# Belkin Router won't connect



## tehlibbyness (Jan 23, 2010)

My laptop will not connect to my Belkin router. It detects the wireless but won't actually connect to it. Just says it's going to and does nothing. I've been having this problem for nearly a year so I've tried all the obvious solutions like restarting the router and modem, updating drivers, or firmware. 

It has connected a rare few times but when it does it's either limited to no connectivity or just won't go anywhere.

please help... it's driving me crazy.


----------



## johnwill (Sep 26, 2002)

Remove all the stored wireless network profiles and search for the network.
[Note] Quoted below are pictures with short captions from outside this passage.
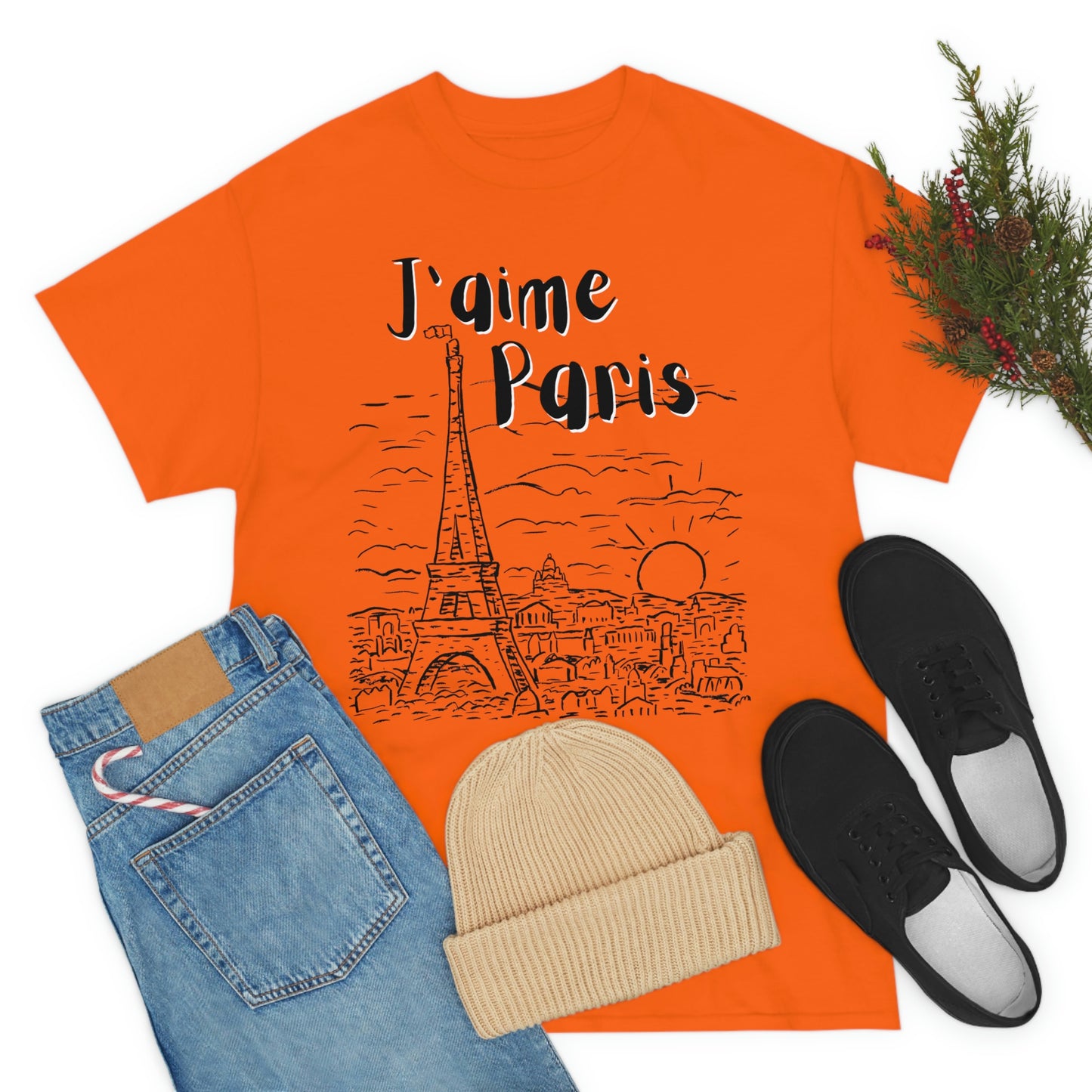 J'aime Paris Short Sleeve Tee | Unisex Heavy Cotton T-Shirt | Playera de Algodón | I love Paris T-shirt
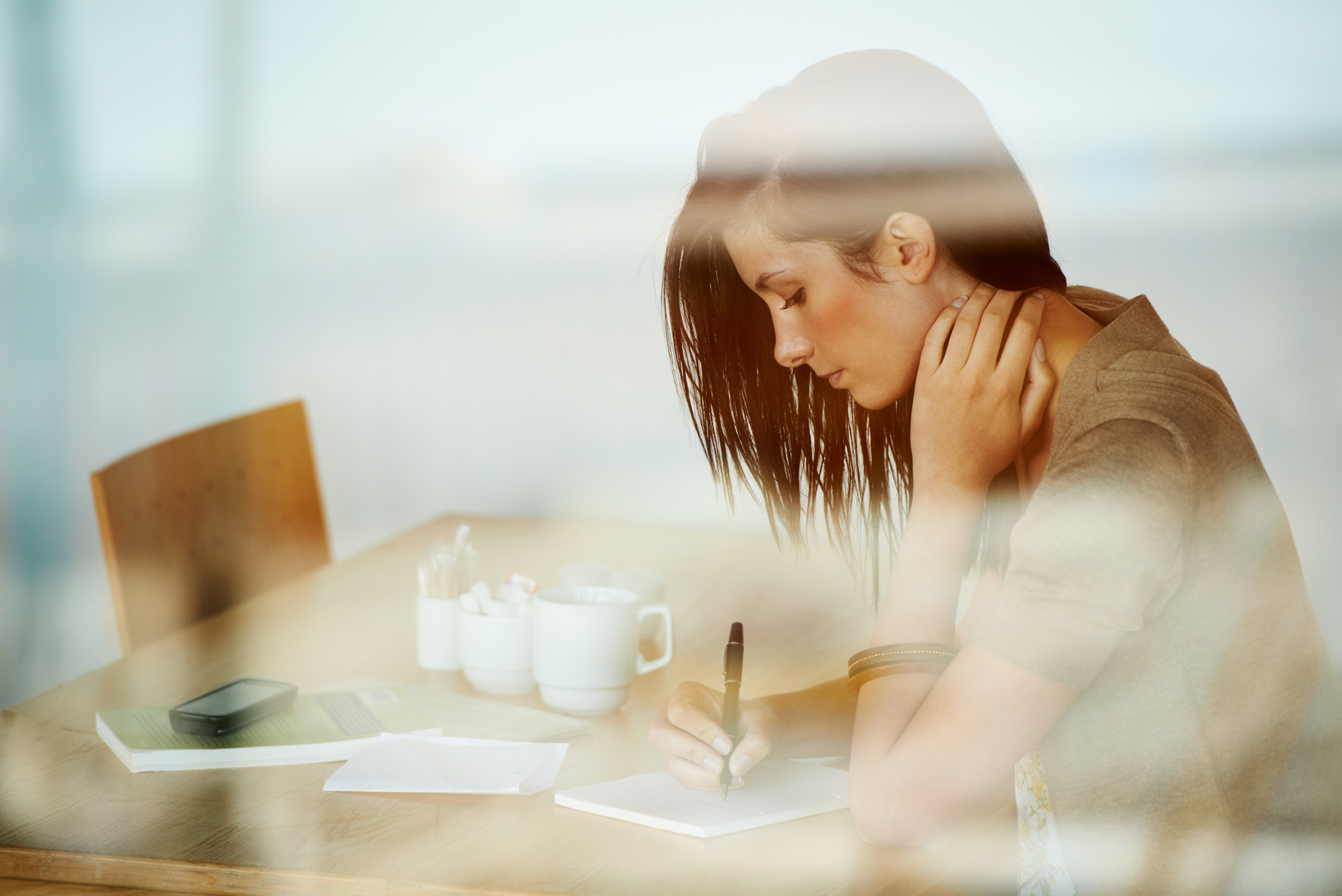 Keeping Her Journal up-to-Date. Attractive Young Woman Journalli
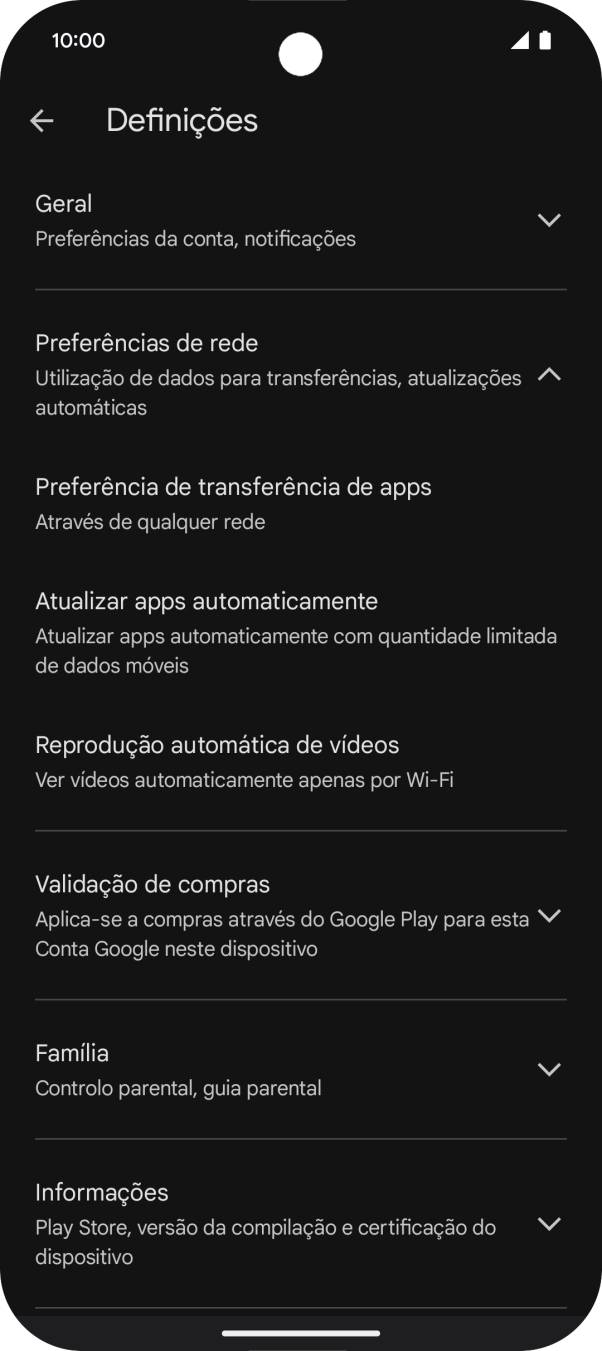 Prima Atualizar apps automaticamente.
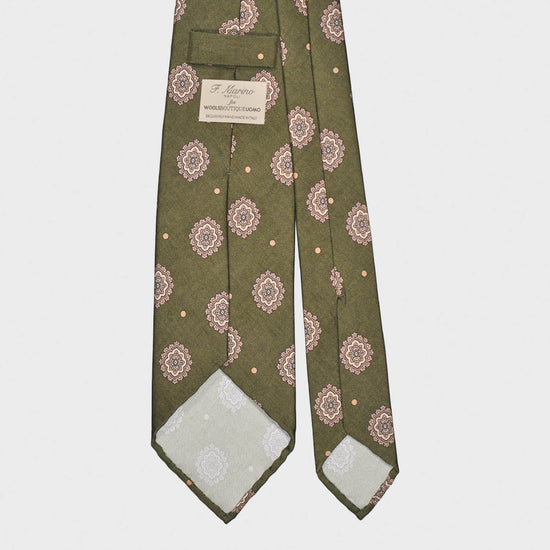 Vintage Medallions Army Green Silk Tie. Exclusive handmade satin silk tie, army green background with sand beige pois and vintage medallions pattern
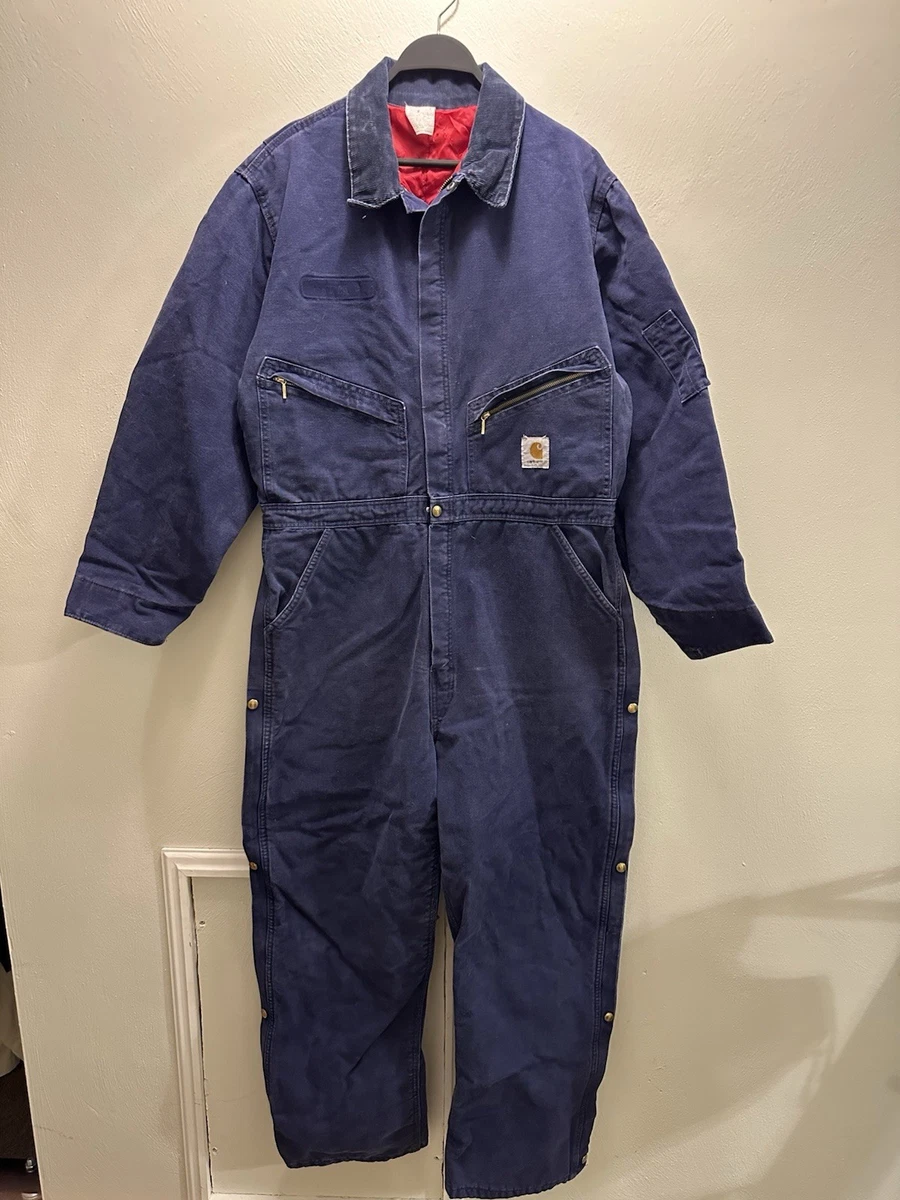 Vintage 80s Carhartt Union Blue Coveralls Made In USA, Size 44R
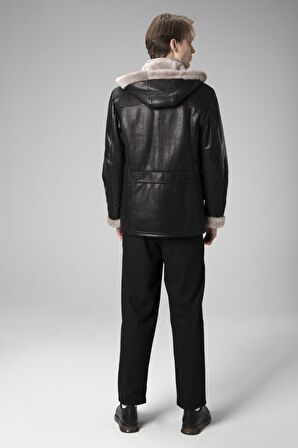 DERİCLUB E2218 JUMBO İçi Kürklü Kapüşonlu Gerçek Deri Erkek Kaban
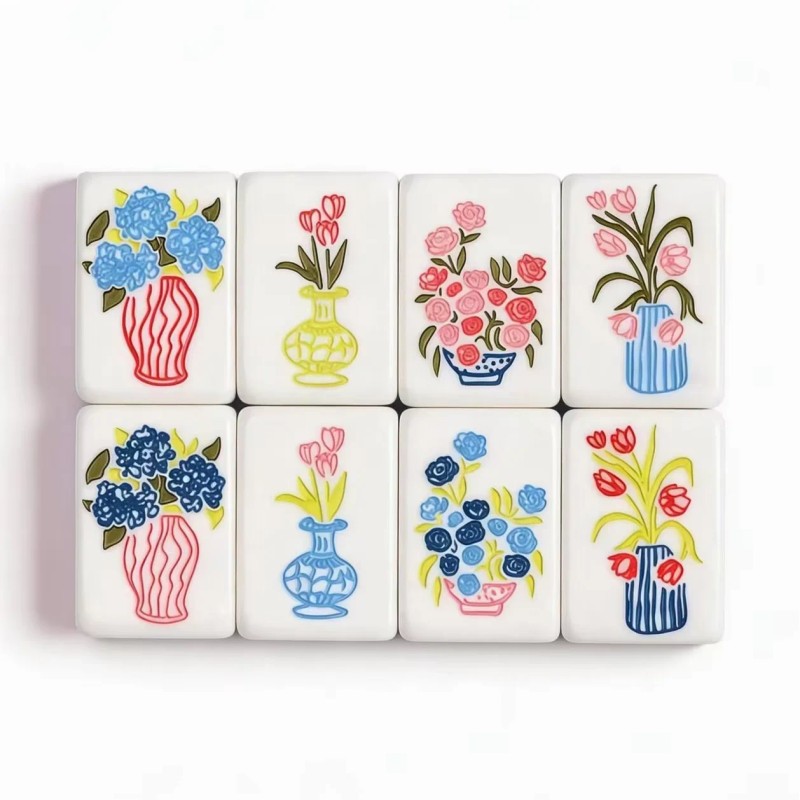 Custom Blue 4-Tier Luxury American Mahjong Set with 160 Acrylic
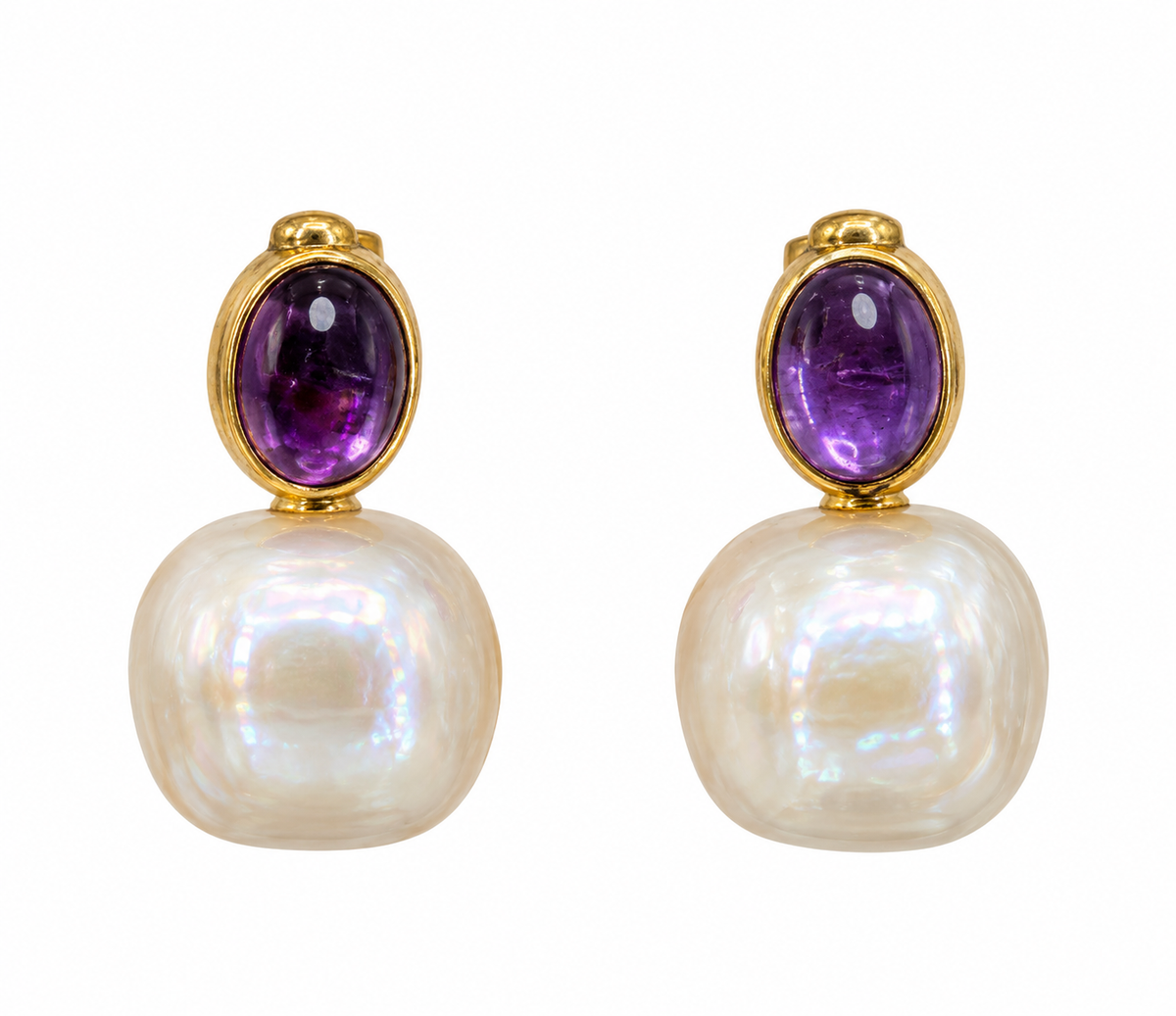 Amethyst & Pearl Earrings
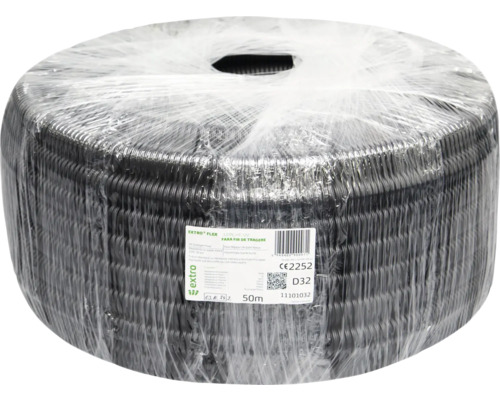 Rolă de tub flexibil negru de protecție a cablurilor, 50 de metri, ambalată în folie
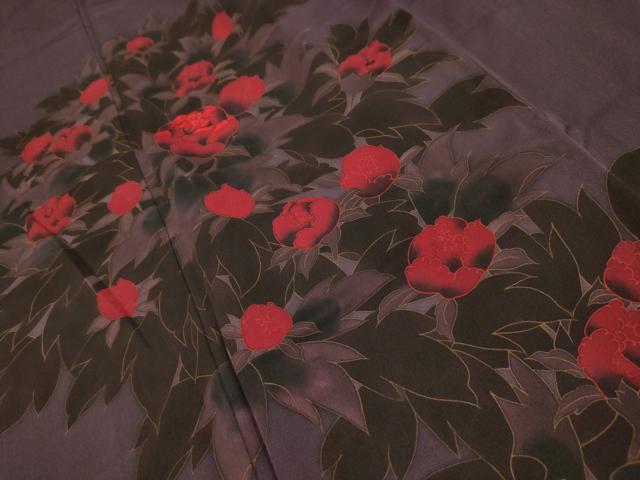 平和屋着物■訪問着　刺繍　草花文　暈し染め　金彩　正絹　逸品　AABJ7913sx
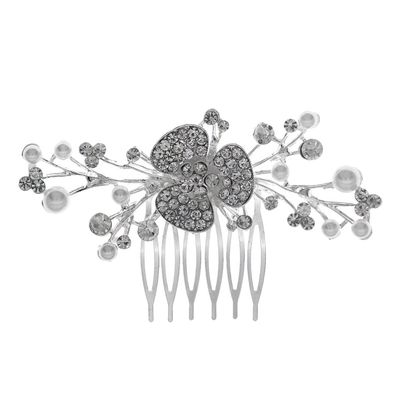 Beaupretty Wedding Hair Comb Rhinestone and Pearl Accents Elegant Floral Bridal Hair Piece for Brides and Bridesmaids for Weddings and Special Occasions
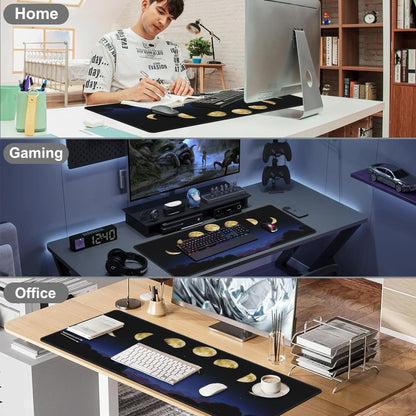 Mouse Pad, Large Moon Phase and Forest Desk Mat, Extended Non-Slip Gaming Keyboard Mousepad Desk Pad, Thick Stitched Edges Waterproof Mouse Mat 31.5"x15.7" (Moon Phase Changes)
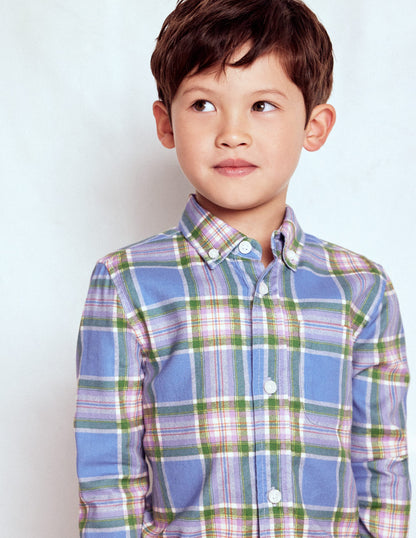 Cosy Cotton Check Shirt-Blue and Purple Check-3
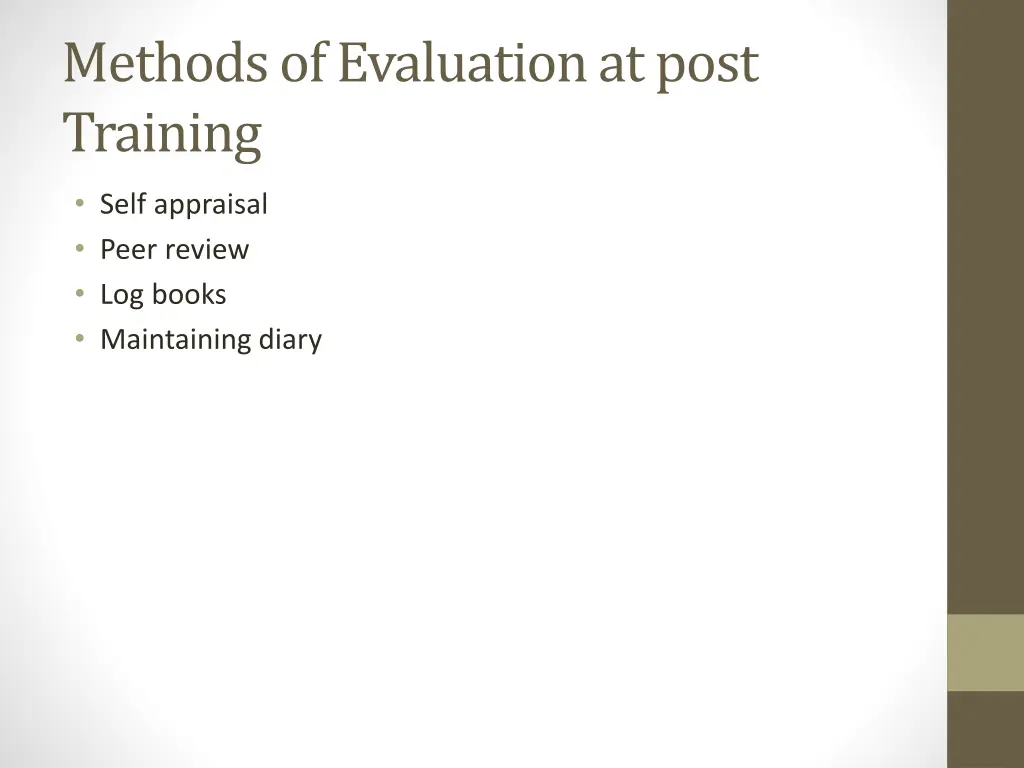 methods of evaluation at post training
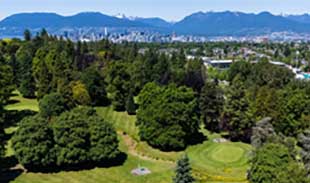 Queen Elizabeth Pitch and Putt greens with mountains in the background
If that still doesn't connect, remove encryption and any MAC filtering on the router to see if it'll connect that way.


----------



## tehlibbyness (Jan 23, 2010)

Thank you for your help.

I did all that and it didn't connect, then I looked back a few mins later and it acted like it was connecting but then got stuck on acquiring address.


----------



## 2xg (Aug 5, 2009)

Hello,

Are you able to connect directly to the Modem or Router by using a Network Cable?

Have you tried booting to a Safe Mode with Networking and see if you are able to wireless connect?

Also, you may try uninstalling/reinstalling your Wireless ethernet adapter if you have not DONE this yet, here's a simple guide:

Click on Start, right click My Computer => Properties => Hardware tab => Device Manager => find your Network Adapters and expand it. Right click on the Wireless Adapter and choose Uninstall. To reinstall, right click anywhere on any Device, then choose Scan for hardware changes. Normally your Windows will do a Plug N play auto install for you, but just in case you might have your CD driver ready.

If re-install didn't help at all, I'd consider replacing your wireless ethernet adapter and look for something like this one =>http://www.amazon.com/TRENDnet-108M...?ie=UTF8&s=electronics&qid=1264284808&sr=8-11


----------



## tehlibbyness (Jan 23, 2010)

Yes, it works when I plug directly into the router or modem. I tried safe mode again just to be sure and it acts the same way.

I don't have a Wireless adapter but a wireless card, I don't know if that makes a difference or not. I went ahead and uninstalled/reinstalled it, results were the same.

It did manage to connect with limited to no connectivity, so I tried to repair it and it got stuck on renewing the IP address.


----------



## 2xg (Aug 5, 2009)

From previous posts I detect a bad wireless card, there are wireless ethernet cards, USB wireless adapters that you can buy for under $20, if you want to go this route which I do recommend.


----------